──────── Entries shown

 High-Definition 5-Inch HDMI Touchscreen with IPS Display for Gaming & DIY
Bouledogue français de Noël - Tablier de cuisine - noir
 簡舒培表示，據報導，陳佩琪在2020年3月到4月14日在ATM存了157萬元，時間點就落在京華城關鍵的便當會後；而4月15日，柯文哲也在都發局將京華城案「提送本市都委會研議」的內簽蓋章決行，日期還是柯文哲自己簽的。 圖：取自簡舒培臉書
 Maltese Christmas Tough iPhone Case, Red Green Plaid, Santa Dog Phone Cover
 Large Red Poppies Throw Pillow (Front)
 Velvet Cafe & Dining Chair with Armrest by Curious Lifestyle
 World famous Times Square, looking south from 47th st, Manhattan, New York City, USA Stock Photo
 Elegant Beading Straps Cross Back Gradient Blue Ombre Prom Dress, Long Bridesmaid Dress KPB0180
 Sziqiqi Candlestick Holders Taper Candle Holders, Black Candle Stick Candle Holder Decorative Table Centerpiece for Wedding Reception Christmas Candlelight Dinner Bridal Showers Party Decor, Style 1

────────────────

Problem to work on: Please return the lines above exactly, from the first one down to the line with "Velvet Cafe &", and stop after that line.

Answer below:
 High-Definition 5-Inch HDMI Touchscreen with IPS Display for Gaming & DIY
Bouledogue français de Noël - Tablier de cuisine - noir
 簡舒培表示，據報導，陳佩琪在2020年3月到4月14日在ATM存了157萬元，時間點就落在京華城關鍵的便當會後；而4月15日，柯文哲也在都發局將京華城案「提送本市都委會研議」的內簽蓋章決行，日期還是柯文哲自己簽的。 圖：取自簡舒培臉書
 Maltese Christmas Tough iPhone Case, Red Green Plaid, Santa Dog Phone Cover
 Large Red Poppies Throw Pillow (Front)
 Velvet Cafe & Dining Chair with Armrest by Curious Lifestyle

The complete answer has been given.